Nadiya Kollappetta Rathri (English: Night of Nadiya's Murder) is a 2007 Indian Malayalam-language thriller film by K. Madhu starring Suresh Gopi and Kavya Madhavan in lead roles. The film's plot is inspired by the 2007 Thai movie Alone which itself is loosely based on Agatha Christie's novel Elephants Can Remember.

==Plot==
Internationally famous Indian sharp shooter Nadiya Mether, famous dancer Thulasimani, and television reporter Shreya Maria are all murdered in the same car on the Sauparnika Express between Chennai and Mangalore.
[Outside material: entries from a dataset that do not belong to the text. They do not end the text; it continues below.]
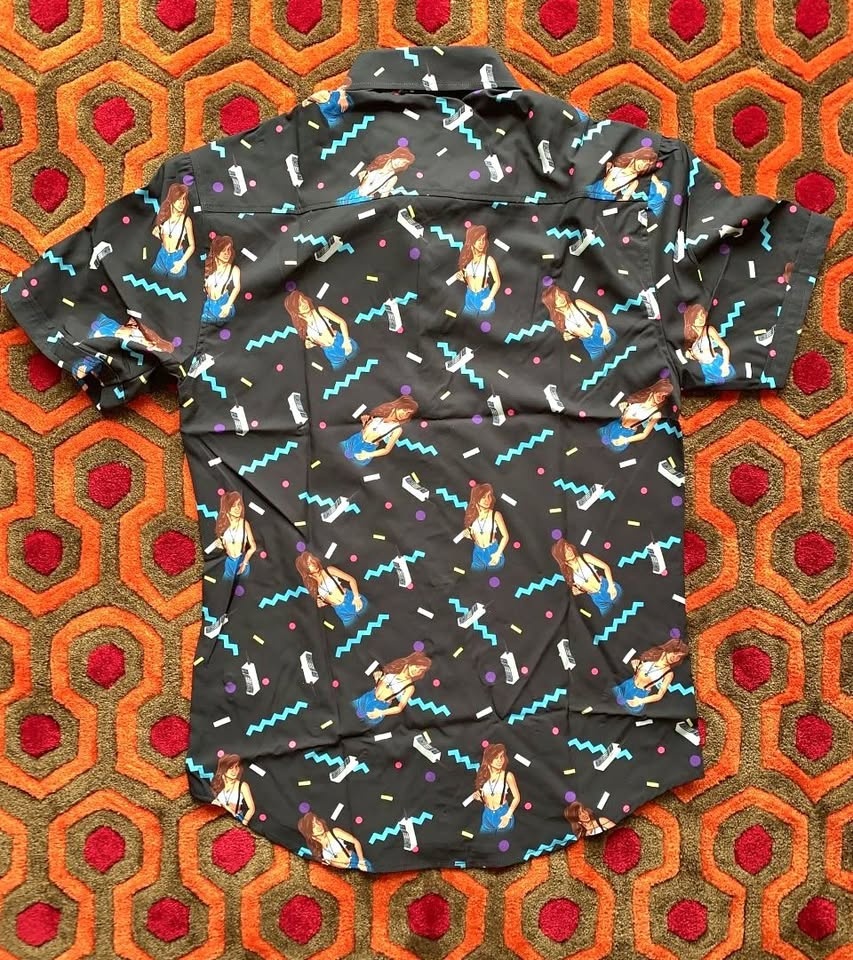 🏆 RSVLTS x Saved by the Bell Kelly Kapowski Shirt - Men's Small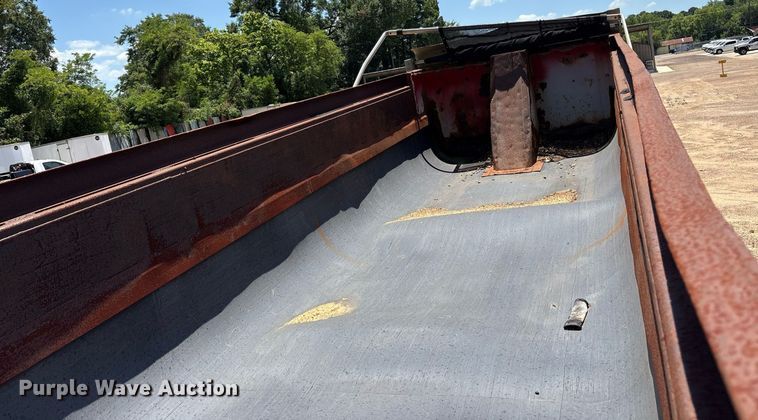 image for item DY0862 2002 Clement HL2623 end dump trailer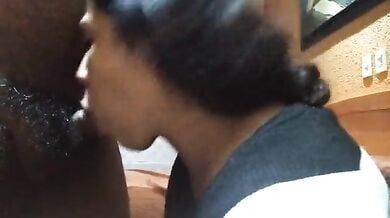 रिच हसबंड वाइफ ने घर में ब्लोव्जोब वीडियो बनाया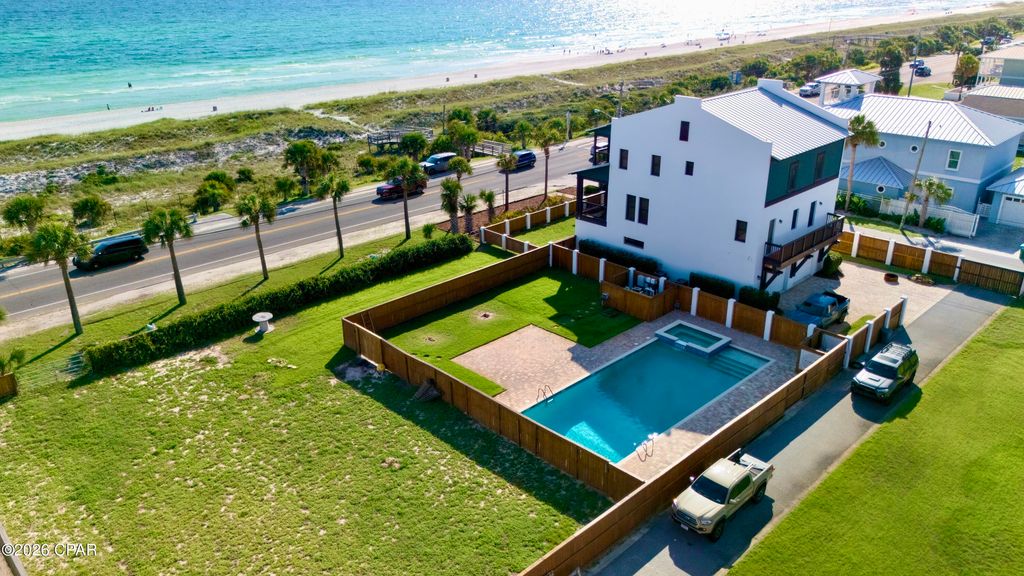 Image 14 of property listing at 13704 Front Beach Road, Panama City Beach, FL 32413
The other occupants in the car were: actress Priya Rose with her mother Rajamma and father; four doctors traveling together; Tamil Novelist Seetharaman; Palakkad Railway Police Superintendent  Alexander Chempadan; Madhavan Master, his wife and their mentally unstable son Balu; the conductor; and the steward. As the train reaches Madukarai station, Nadiya is discovered and one of the doctors reports that Balu is holding a scalpel. Shreya is missing only to be later found dead beside the tracks near the city of Salem. Thulasimani is found hanging from the ceiling of her compartment which was locked from the inside. Investigators fail to solve the mystery and the case is turned over to DIG Sharafuddeen Taramasi, an IPS officer of the Tamil Nadu Cadre, presently posted as chief of the specialized unit for dealing with unsolved crimes and emergencies in railways, the Railway Anti-Criminal Task Force (RACT).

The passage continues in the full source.